Rain in Titan is extraordinarily rare in the solar system given that only Earth has been recorded to experience rain compared to the other planets and moons. The Earth’s Moon, Mercury, and, Mars do not even experience a chance of rain which proves its rarity. But, compared to the rains experienced in Earth, Titan’s raindrops are much larger compared to the raindrops in Earth. Unlike the Earth’s rains, Titan’s rains are unusually slow and are like snowflakes falling on a serene Earth day. In terms of its winds, Titan’s winds are produced by the gravitational pull of Saturn. This is due to the location of the moon from the Sun. But, most of the winds created in Titan are strong enough to make waves. Another comparison with the Earth’s waves , which are smaller and faster, is that the waves in Titan are taller and slower. Titan’s ocean waves can deliver a powerful force once it touches the surface .

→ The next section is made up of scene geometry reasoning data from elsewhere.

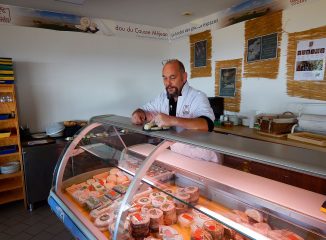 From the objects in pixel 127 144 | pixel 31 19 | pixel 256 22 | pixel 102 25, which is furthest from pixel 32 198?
pixel 256 22

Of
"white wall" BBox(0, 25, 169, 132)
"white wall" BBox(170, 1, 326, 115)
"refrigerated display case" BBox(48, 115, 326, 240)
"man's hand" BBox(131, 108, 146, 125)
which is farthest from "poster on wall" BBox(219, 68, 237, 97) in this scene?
"man's hand" BBox(131, 108, 146, 125)

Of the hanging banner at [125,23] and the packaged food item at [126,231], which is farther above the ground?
the hanging banner at [125,23]

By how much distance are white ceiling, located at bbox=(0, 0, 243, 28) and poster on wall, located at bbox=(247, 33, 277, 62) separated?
715 mm

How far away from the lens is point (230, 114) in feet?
Answer: 13.5

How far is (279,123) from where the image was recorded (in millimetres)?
2926

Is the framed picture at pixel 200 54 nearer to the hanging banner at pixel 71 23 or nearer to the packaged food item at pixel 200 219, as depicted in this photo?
the hanging banner at pixel 71 23

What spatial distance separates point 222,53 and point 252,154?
3.51 m

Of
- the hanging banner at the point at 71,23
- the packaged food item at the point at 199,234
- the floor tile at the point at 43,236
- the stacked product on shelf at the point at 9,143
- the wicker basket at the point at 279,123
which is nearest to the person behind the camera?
the packaged food item at the point at 199,234

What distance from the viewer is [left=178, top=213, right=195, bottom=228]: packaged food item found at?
4.70ft

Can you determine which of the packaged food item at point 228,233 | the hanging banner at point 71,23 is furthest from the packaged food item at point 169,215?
the hanging banner at point 71,23

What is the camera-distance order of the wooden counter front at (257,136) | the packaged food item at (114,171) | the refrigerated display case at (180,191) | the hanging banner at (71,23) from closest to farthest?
the refrigerated display case at (180,191), the packaged food item at (114,171), the wooden counter front at (257,136), the hanging banner at (71,23)

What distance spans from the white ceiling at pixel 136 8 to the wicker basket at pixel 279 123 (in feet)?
6.41

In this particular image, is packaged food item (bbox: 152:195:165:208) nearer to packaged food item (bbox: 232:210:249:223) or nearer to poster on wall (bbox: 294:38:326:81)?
packaged food item (bbox: 232:210:249:223)

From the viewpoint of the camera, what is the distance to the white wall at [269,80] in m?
2.89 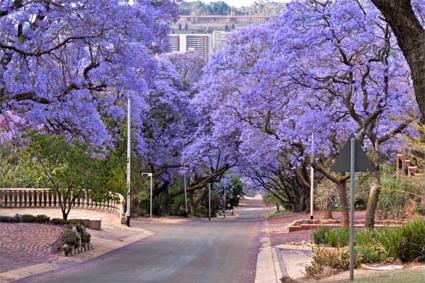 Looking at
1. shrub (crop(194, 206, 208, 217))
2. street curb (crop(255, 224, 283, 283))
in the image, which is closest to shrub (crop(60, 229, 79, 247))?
street curb (crop(255, 224, 283, 283))

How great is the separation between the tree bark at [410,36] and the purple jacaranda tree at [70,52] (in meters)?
9.61

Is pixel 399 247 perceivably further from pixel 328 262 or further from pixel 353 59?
pixel 353 59

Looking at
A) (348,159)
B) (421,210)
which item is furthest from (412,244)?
(421,210)

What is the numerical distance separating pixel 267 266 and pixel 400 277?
666 centimetres

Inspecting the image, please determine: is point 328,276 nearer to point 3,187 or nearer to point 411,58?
point 411,58

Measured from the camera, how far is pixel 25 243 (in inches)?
864

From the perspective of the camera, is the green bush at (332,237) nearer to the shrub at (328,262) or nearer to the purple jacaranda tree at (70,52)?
the shrub at (328,262)

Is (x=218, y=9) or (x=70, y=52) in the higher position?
(x=218, y=9)

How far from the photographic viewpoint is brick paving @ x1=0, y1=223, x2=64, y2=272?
18.7m

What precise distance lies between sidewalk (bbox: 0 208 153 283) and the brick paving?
6cm

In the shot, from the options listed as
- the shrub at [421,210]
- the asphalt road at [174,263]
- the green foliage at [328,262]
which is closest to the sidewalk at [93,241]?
the asphalt road at [174,263]

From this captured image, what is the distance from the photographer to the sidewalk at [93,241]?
17.3m

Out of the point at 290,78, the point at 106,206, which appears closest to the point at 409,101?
the point at 290,78

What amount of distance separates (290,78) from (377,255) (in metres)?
8.79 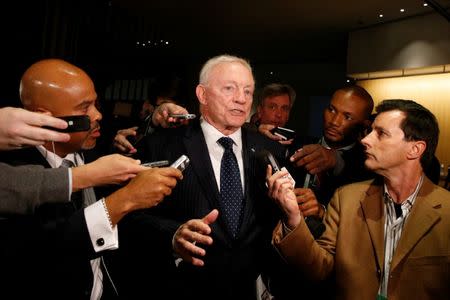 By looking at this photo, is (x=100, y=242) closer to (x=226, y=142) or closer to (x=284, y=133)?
(x=226, y=142)

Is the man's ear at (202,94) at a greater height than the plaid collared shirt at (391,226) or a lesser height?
greater

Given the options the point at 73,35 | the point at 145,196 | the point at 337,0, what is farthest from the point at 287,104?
the point at 337,0

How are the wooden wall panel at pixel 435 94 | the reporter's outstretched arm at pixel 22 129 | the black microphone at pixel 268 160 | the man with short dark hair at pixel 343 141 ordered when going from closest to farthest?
the reporter's outstretched arm at pixel 22 129 < the black microphone at pixel 268 160 < the man with short dark hair at pixel 343 141 < the wooden wall panel at pixel 435 94

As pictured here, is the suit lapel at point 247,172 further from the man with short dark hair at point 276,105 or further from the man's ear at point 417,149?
the man with short dark hair at point 276,105

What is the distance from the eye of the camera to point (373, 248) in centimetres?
172

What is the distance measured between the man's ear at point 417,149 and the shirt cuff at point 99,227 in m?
1.46

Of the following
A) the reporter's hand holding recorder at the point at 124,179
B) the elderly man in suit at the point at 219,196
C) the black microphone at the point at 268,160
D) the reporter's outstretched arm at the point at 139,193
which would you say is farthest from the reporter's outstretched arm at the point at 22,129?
the black microphone at the point at 268,160

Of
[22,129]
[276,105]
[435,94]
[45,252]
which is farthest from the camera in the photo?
[435,94]

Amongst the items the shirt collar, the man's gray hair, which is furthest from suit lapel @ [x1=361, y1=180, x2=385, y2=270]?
the man's gray hair

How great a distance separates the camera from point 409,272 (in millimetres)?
1628

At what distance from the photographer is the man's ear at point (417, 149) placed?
1851 mm

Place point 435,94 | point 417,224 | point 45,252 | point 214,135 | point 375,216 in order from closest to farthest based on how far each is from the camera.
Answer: point 45,252 < point 417,224 < point 375,216 < point 214,135 < point 435,94

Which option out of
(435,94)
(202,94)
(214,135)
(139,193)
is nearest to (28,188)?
(139,193)

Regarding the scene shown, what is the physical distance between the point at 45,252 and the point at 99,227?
0.21 metres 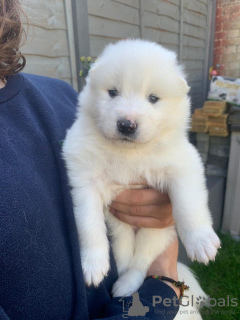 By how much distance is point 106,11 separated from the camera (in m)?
2.89

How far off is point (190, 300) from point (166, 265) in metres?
0.41

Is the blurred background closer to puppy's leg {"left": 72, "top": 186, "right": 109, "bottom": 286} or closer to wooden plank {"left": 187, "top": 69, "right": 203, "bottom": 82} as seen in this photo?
wooden plank {"left": 187, "top": 69, "right": 203, "bottom": 82}

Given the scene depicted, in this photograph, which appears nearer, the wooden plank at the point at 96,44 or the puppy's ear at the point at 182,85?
the puppy's ear at the point at 182,85

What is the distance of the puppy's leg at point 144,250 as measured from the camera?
52.1 inches

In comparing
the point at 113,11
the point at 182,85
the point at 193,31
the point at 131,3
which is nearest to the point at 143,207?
the point at 182,85

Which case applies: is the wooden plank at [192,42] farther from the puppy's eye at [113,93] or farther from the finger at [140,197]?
the finger at [140,197]

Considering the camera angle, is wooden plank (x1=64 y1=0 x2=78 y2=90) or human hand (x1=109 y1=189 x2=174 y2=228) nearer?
human hand (x1=109 y1=189 x2=174 y2=228)

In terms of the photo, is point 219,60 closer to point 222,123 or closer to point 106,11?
point 222,123

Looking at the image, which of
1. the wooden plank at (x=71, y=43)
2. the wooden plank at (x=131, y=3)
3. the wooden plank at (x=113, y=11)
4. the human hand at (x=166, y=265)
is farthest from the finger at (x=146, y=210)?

Today, the NASA exploration Cassini-Huygens spacecraft, which is named after the two astronomers who discovered the moons of Saturn, is orbiting the planet to know each puzzle around Titan. The expedition had begun its journey in October 1997 and is supported by NASA, the European Space Agency and the Italian Space Agency. In 2004, it dropped a probe named Huygens to examine the upper atmosphere of the moon and capture photos upon its decent in the cloudy atmosphere. The unique capability of the Huygens enables it to check the elements within the sky and analyze the components comprising it and the surface. The Huygens is also capable of bouncing and floating to cater any surface it passes into. The only downside to the space probe is that it can only send information every few hours due to its battery life. With the haze surrounding the atmosphere, it makes it difficult for the space probe to use solar energy to recharge . Once the spaceship returns, it is without a doubt that scientists will be closer to answering most of the questions that have been debated on since the start of time. But, before it could even return, Titan’s mysteries would continue to branch out into more questions that would certainly explain the science behind the galaxy.